Conda on M3 (Rocky 9)#
conda is a cross-platform and language-independent package and environment manager. Users often rely on conda
to make isolated and reproduceable environments, particularly for Python, though conda
repositories also offer many packages for R, Perl, and other languages.
To use conda
on the cluster, use the miniforge3
module. You can then create your own conda
environments and activate environments using conda activate
. This module includes mamba, which is a faster drop-in replacement for conda
.
If this is your first time using this module, you should run some configuration commands once, but you will never need to think about these again afterwards.
Configuration (do this only once)#
To check if you have already done this before, run the following command.
$ cat ~/.condarc
envs_dirs:
- /scratch/nq46/lexg/conda/envs
pkgs_dirs:
- /scratch/nq46/lexg/conda/pkgs
If you see something similar to the above, where pkgs_dirs
and envs_dirs
are both set to scratch directories, then you can skip this configuration section!

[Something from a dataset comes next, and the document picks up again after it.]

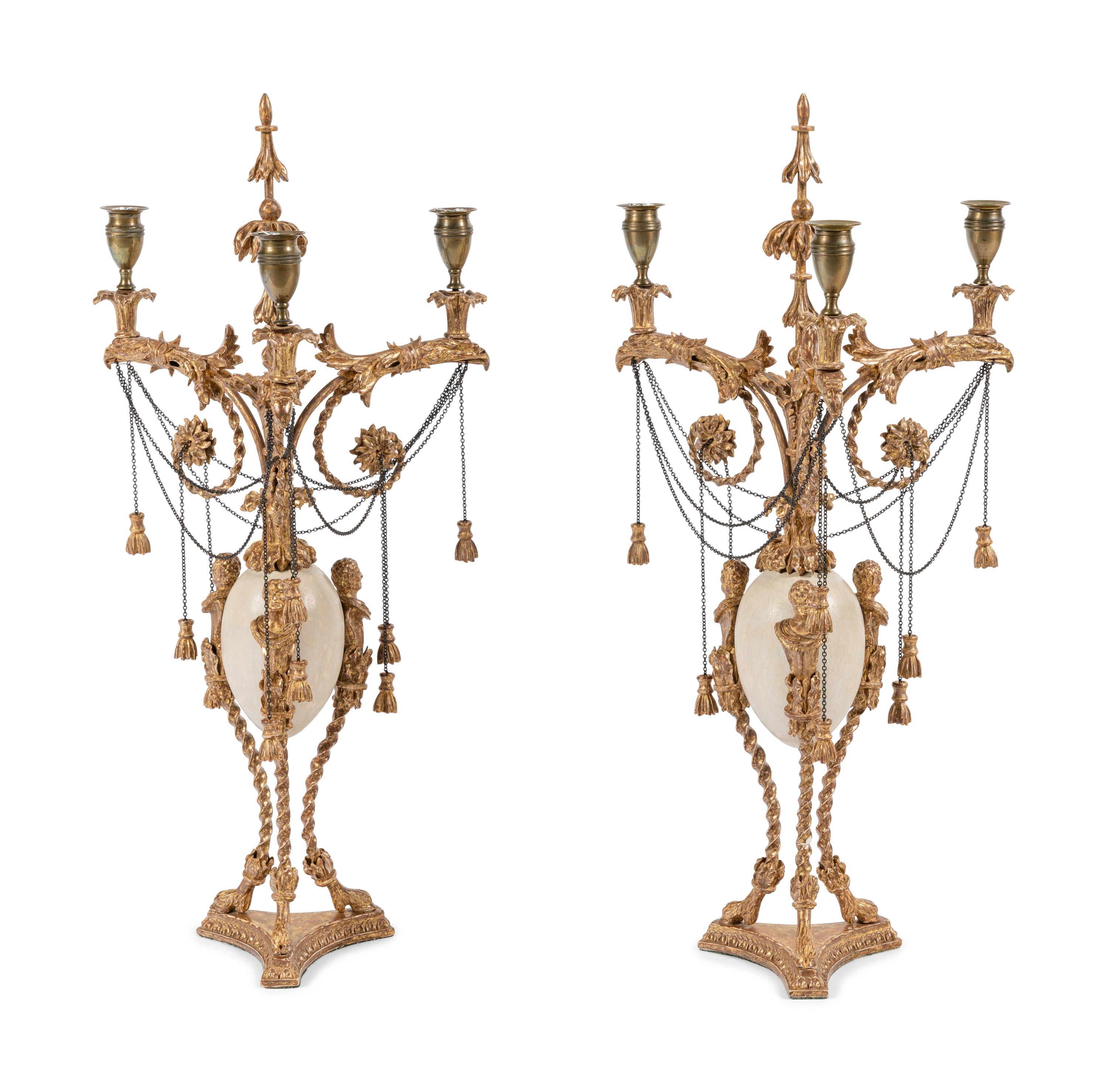 A Pair of Late George III 'Ostrich Egg' and Giltwood Three-Light Candelabra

Otherwise, run the below commands.
Replace nq46
with your own HPC project ID. If you belong to multiple projects, just pick one.
$ PROJECT=nq46
$ echo "export PS1" >> ~/.bashrc
$ source ~/.bashrc
$ module load miniforge3
$ CONDA_HOME=/scratch/$PROJECT/$USER/conda
$ conda config --add pkgs_dirs $CONDA_HOME/pkgs
$ conda config --add envs_dirs $CONDA_HOME/envs
That’s it, you should never need to read this section again! Read on if you want more detail though…

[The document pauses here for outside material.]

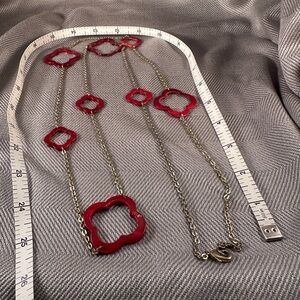 Chico's Red Flower Necklace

What do these config commands do?
In short, we ensure conda
puts all of its large files outside of your home directory so you don’t go over quota. The first config command puts conda’s package cache in scratch, and the second config command means your future environments will be placed in scratch.
The reason we prefer /scratch/
over /projects/
is because we prefer that conda
environments are not backed up, since they have an incredibly large number of tiny files, which wreaks havoc on our backup systems.
The export PS1
line ensures that you will see the name of your active conda
environment appear in your shell prompt. For example, when I activate my environment called my-env
, I see my prompt is prefixed with (my-env)
as below.
[lexg@m3-login3 ~]$ module load miniforge3/24.3.0-0
(base) [lexg@m3-login3 ~]$ conda activate my-env
(my-env) [lexg@m3-login3 ~]$
Creating and activating a conda environment#
As an example, let’s create and activate an environment called test-env with Python 3.11 installed.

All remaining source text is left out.